Aber dieses erste Augustwochenende sei doch noch frei, meinte meine Frau. Also schnell den Rennkalender gecheckt: AlpenX: Auch auf den „kurzen“ Strecken mindestens 5 Nummern zu groß. T41 beim Iron Trail? Warum nicht. 130 CHF Anmeldegebühr? Dann lieber doch nicht.

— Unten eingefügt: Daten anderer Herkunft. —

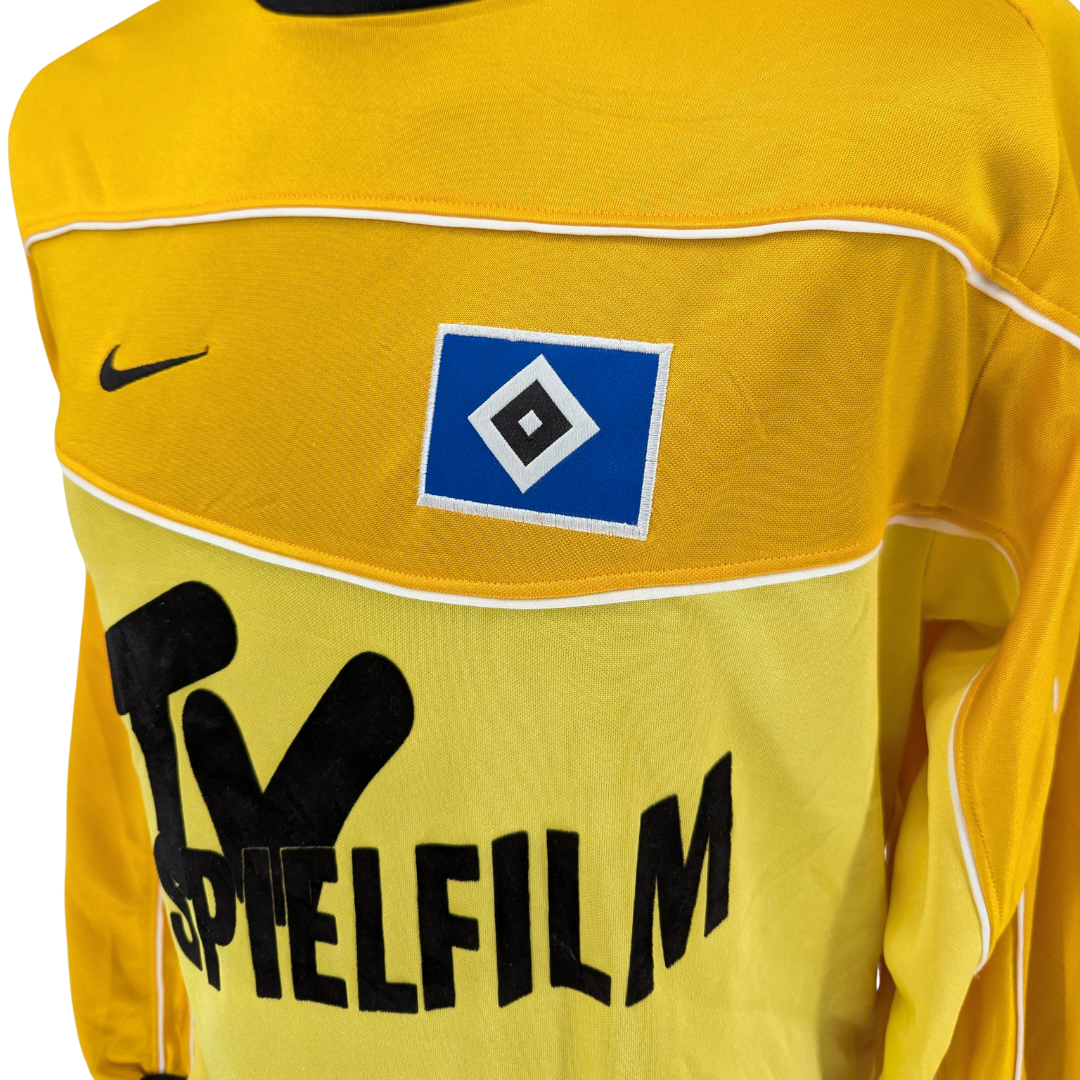 Hamburg signed goalkeeper football shirt 2001/02 - (S)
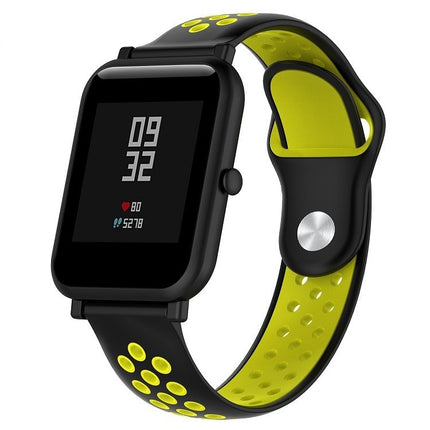 Zweifarbiges Sportuhrenarmband aus Silikon für Huawei Watch Series 1 18 mm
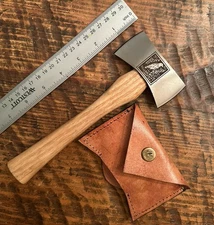 Custom Double Bit Mini Axe Hatchet Tribute Black Raven Kelly Works Great Size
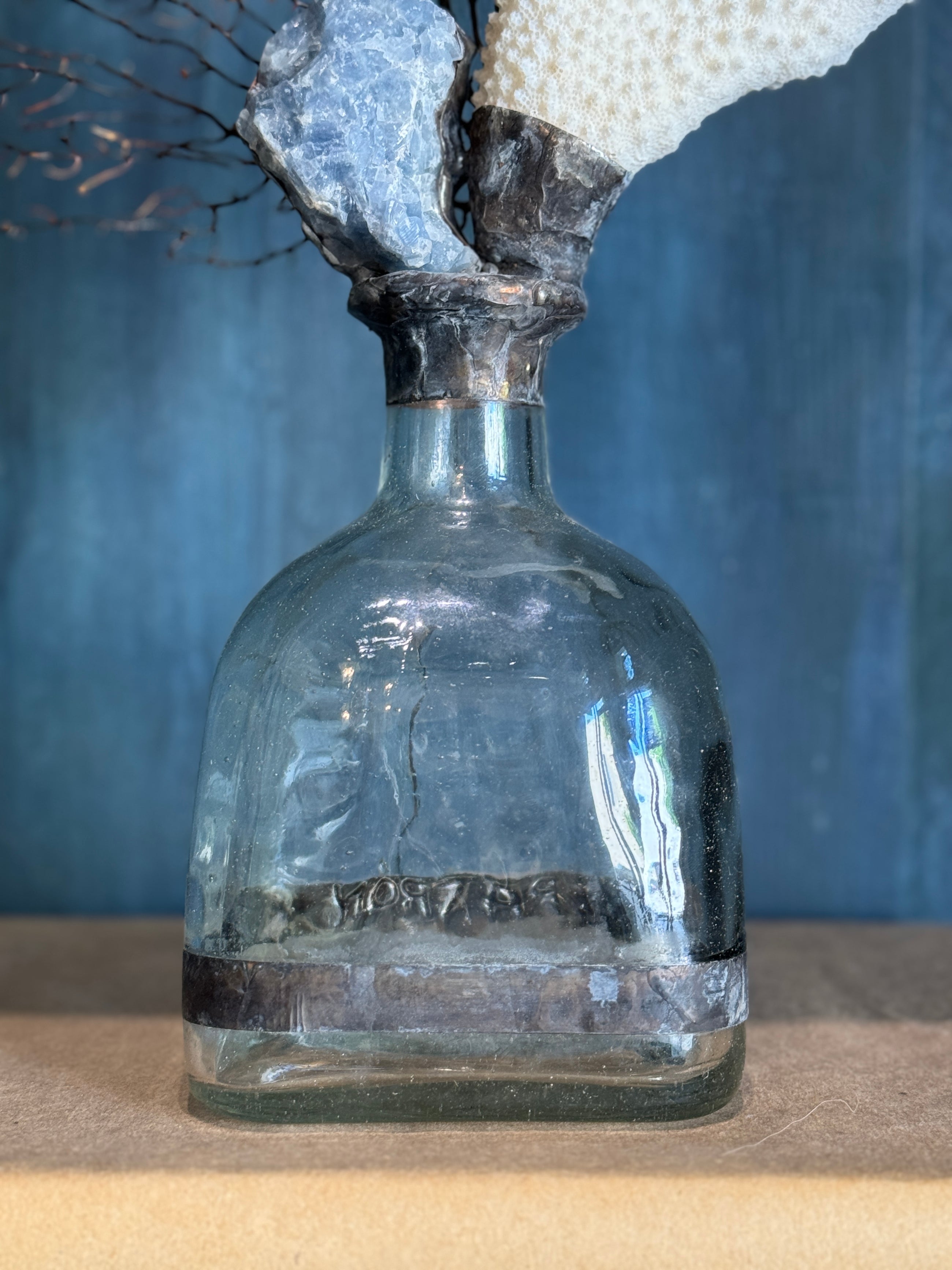 Handscrafted Sculptural Coral and Sea Fan Bottle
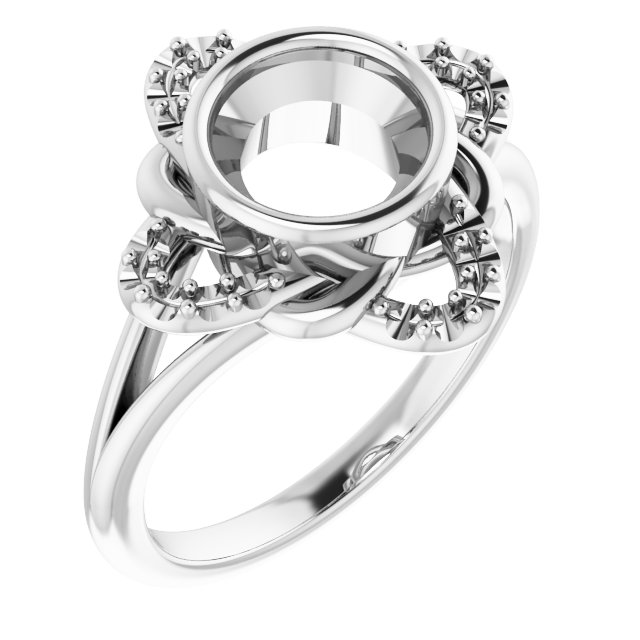 Bezel-Set Accented Ring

„Wir machen ’ne Wiese aus dem grauen Asphalt
Raus in den Sommer, es wird früh genug kalt.“

Aber war da nicht noch diese Veranstaltung im Pitztal? Tatsächlich. Und wo ist dieses Pitztal überhaupt? Nur 320 Kilometer von Stuttgart? Und schon war ich angemeldet. Neben den langen Distanzen über 85 und 100 Kilometer waren gleich zwei Marathonstrecken im Angebot: Einmal mit 2.400 und einmal mit 3.000 Höhenmetern. Das besondere an der zweiten Variante ist dabei die Querung des Pitztaler Gletschers. Das wollte ich mir nicht entgehen lassen. Also erweiterte ich meine Pflichtausrüstung nicht nur um eine Regenhose, sondern auch um Spikes.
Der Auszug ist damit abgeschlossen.